▶ [TASK STATEMENT]: Copying rule for the data below: pictures stay out, and only the lines from the one with "Mahendra Singh Dhoni" down to the one with "May include: Two", inclusive, are repeated exactly.

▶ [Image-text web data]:
────────────────────
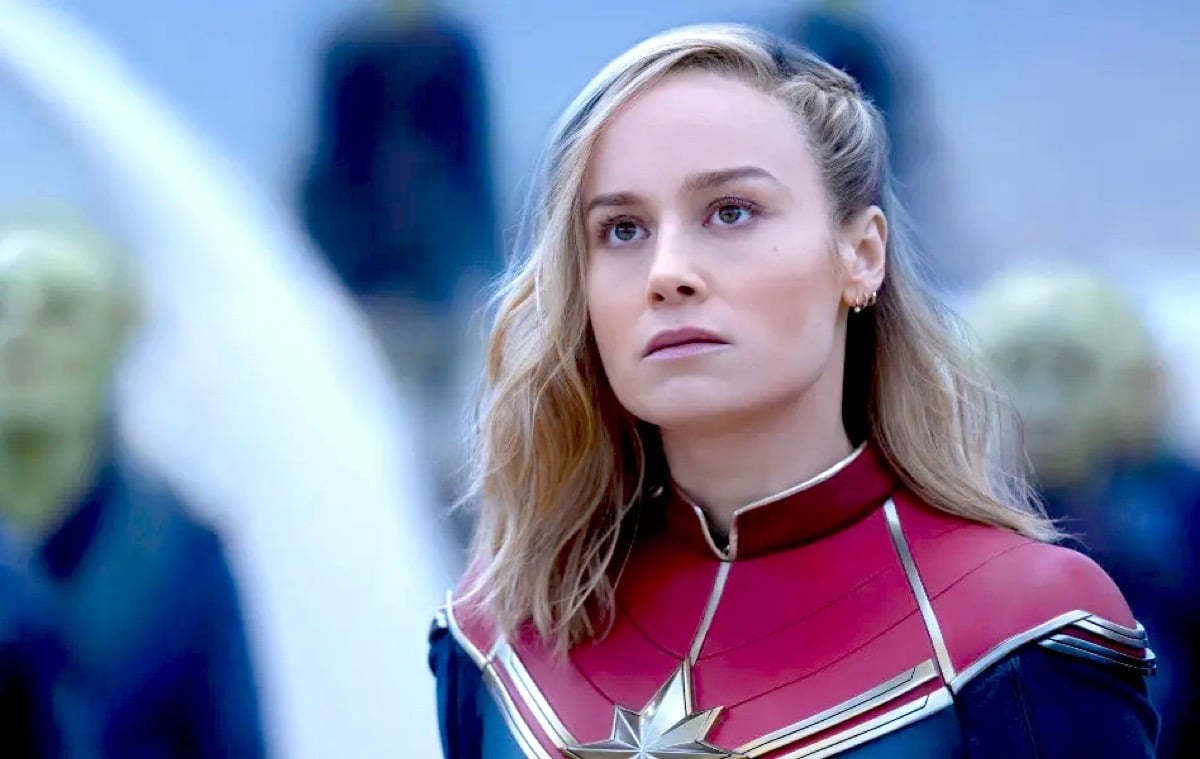 Brie Larson as Carol Danvers/Captain Marvel in The Marvels, with some Skrulls in the background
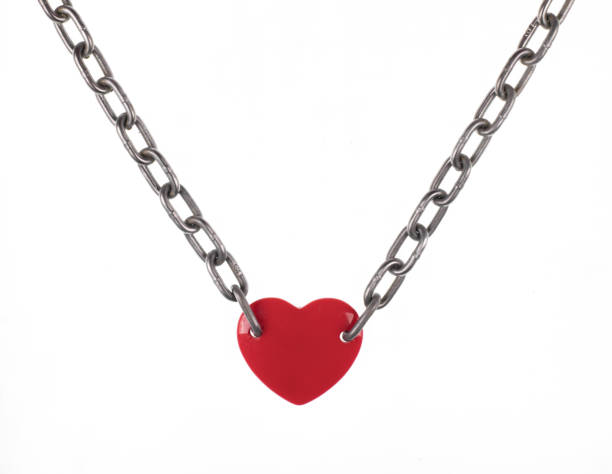 istock red heart chained on a chain isolated on white background 1309924977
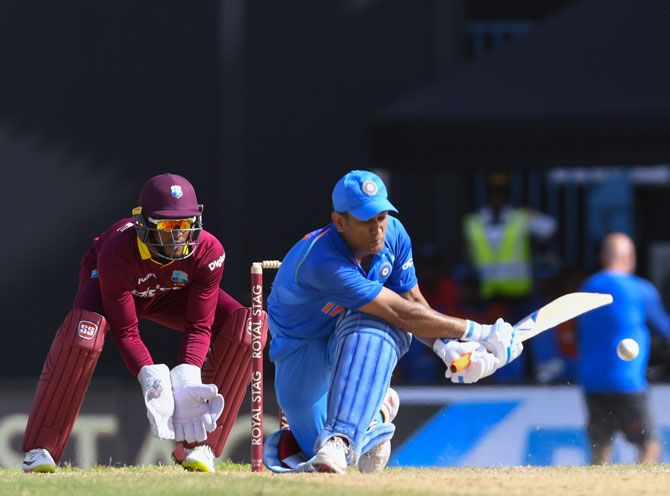 Mahendra Singh Dhoni bats during his painful innings of 54 off 114 deliveries during the fourth ODI vs West Indies on Sunday
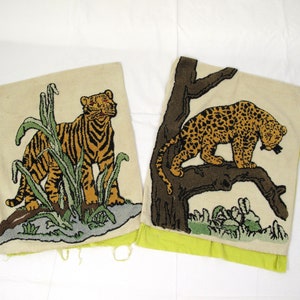 May include: Two embroidered throw pillows with animal motifs. One pillow features a tiger standing in tall grass, while the other pillow features a leopard perched on a tree branch. Both pillows have a cream background with green, brown, and yellow accents.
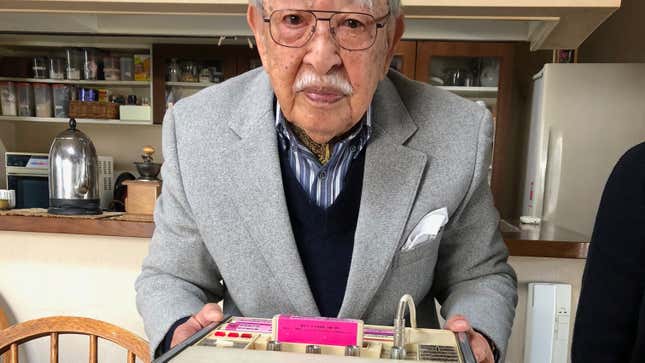 Shigeichi Negishi with his invention, the “Sparko Box,” the first karaoke machine.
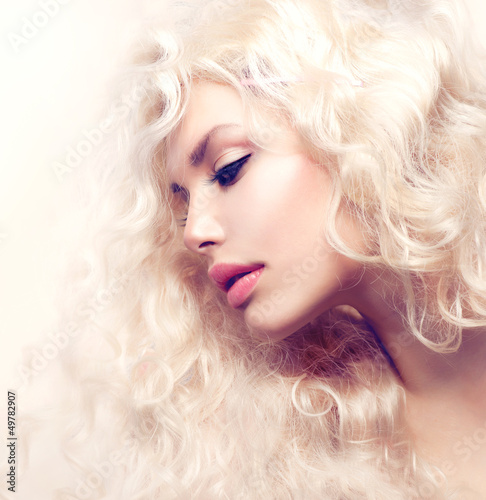 Photo: Curly Hair. Fashion Girl With Healthy Long Wavy Hair Curly Hair. Fashion Girl With Healthy Long Wavy Hair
────────────────────
▶ [PROBLEM SOLUTION]:
 Mahendra Singh Dhoni bats during his painful innings of 54 off 114 deliveries during the fourth ODI vs West Indies on Sunday
 May include: Two embroidered throw pillows with animal motifs. One pillow features a tiger standing in tall grass, while the other pillow features a leopard perched on a tree branch. Both pillows have a cream background with green, brown, and yellow accents.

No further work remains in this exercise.